There are 3 types of analysis method in scientific research:
1: Analysis of difference
t-test: Dependent variable is continuous, Independent variable including 2 groups
ANOVA:One dependent variable is continuous, Independent variable including more than 2 groups (1,2,3 Way anova)

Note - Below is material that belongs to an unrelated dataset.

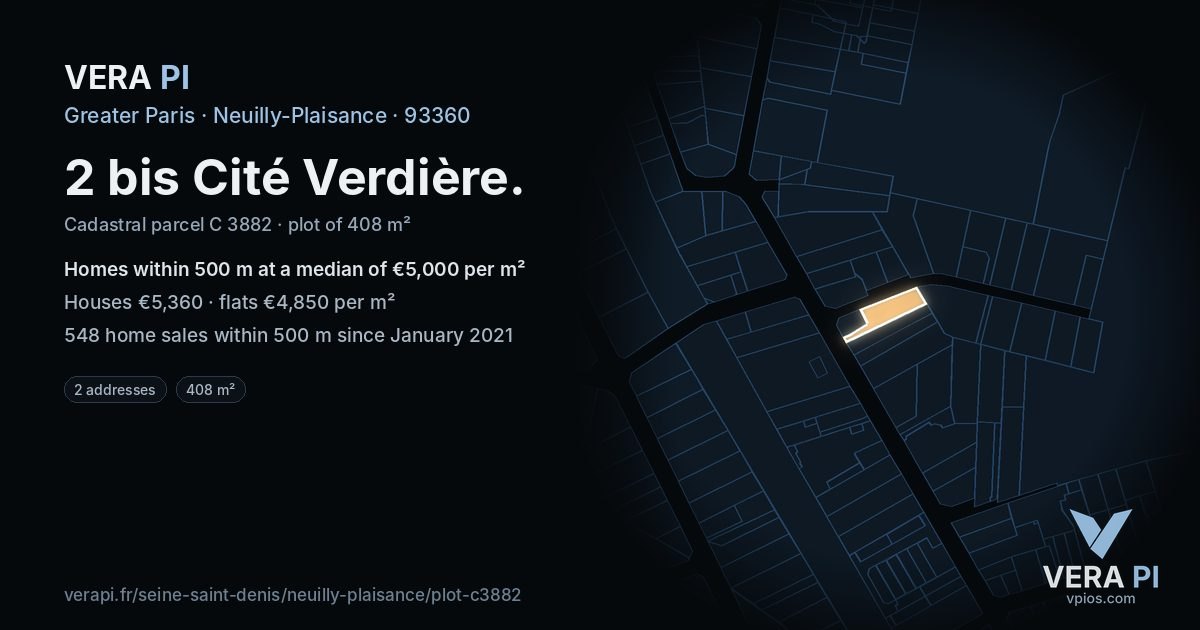 2 bis Cité Verdière, Neuilly-Plaisance at night – the plot lit, the parcels around coloured by the prices near them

MANOVA for multiple continuous dependent variables
Chi-square: both variables are categorical variable
2: Correlation analysis and Prediction
Correlation analysis
Linear regression analysis
Logistic regression
3: Association analysis
library(readxl)
Data <- read_excel("C:/Users/Admin/Desktop/R/Data.xlsx",
col_types = c("text", "text", "text", "numeric", "numeric", "numeric", "numeric", "numeric", "numeric"))
attach(Data)
require(ggplot2)
require(car)
require(psych)
require(relaimpo)
Y = Dependent variable (Obligated continuous variable) X = Independent variable (continuous or not) α = Intercept (value of Y when X = 0) β = Slope (Estimate): changing value of Y when X changed 1 unit ε = Random error R^2 = Percentage of the contribution in
A linear will be estimated basing on Least Square Method (a Linear is on a line which formed from minimum d^2)

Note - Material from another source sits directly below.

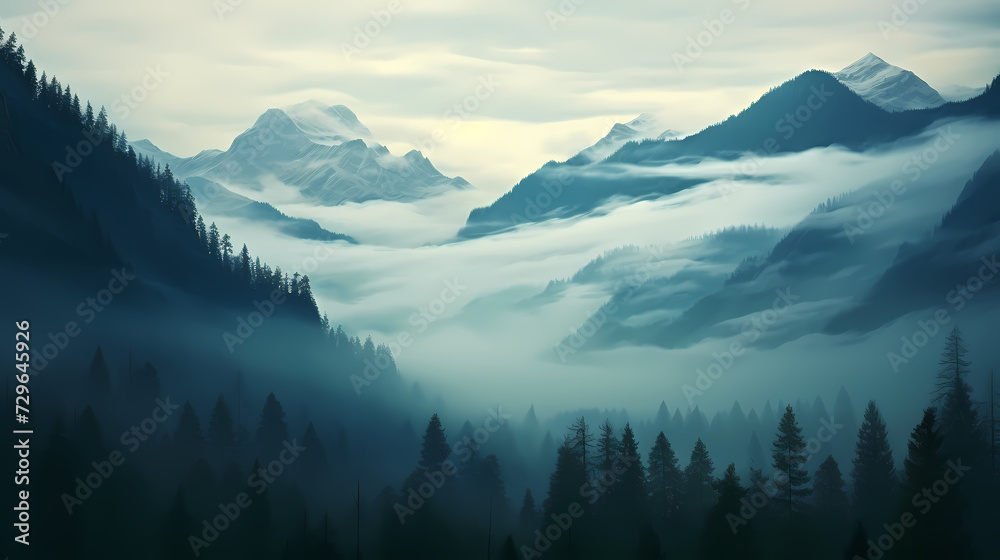 Obraz premium Majestic mountains, panoramic peaks PPT background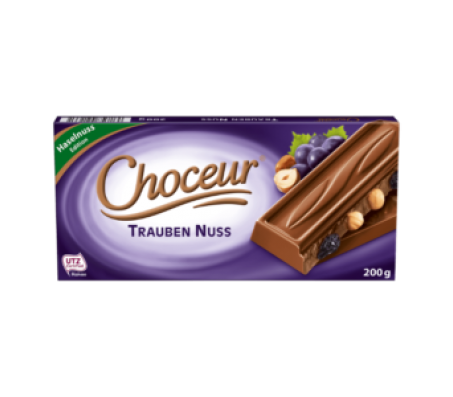 Шоколад Choceur Raisin & Nut молочний з горіхом та родзинками 200 г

cor.test(`Body Weight (g)`,`Liver (g)`)
##
## Pearson's product-moment correlation
##
## data: Body Weight (g) and Liver (g)
## t = 6.5252, df = 22, p-value = 1.455e-06
## alternative hypothesis: true correlation is not equal to 0
## 95 percent confidence interval:
## 0.6076240 0.9155086
## sample estimates:
## cor
## 0.8119908
Simple_linear_CO=lm(`Body Weight (g)`~`Liver (g)`)
summary(Simple_linear_CO)
##
## Call:
## lm(formula = `Body Weight (g)` ~ `Liver (g)`)
##
## Residuals:
## Min 1Q Median 3Q Max
## -462.32 -225.54 -40.23 147.18 921.06
##
## Coefficients:
## Estimate Std. Error t value Pr(>|t|)
## (Intercept) 417.752 235.647 1.773 0.0901 .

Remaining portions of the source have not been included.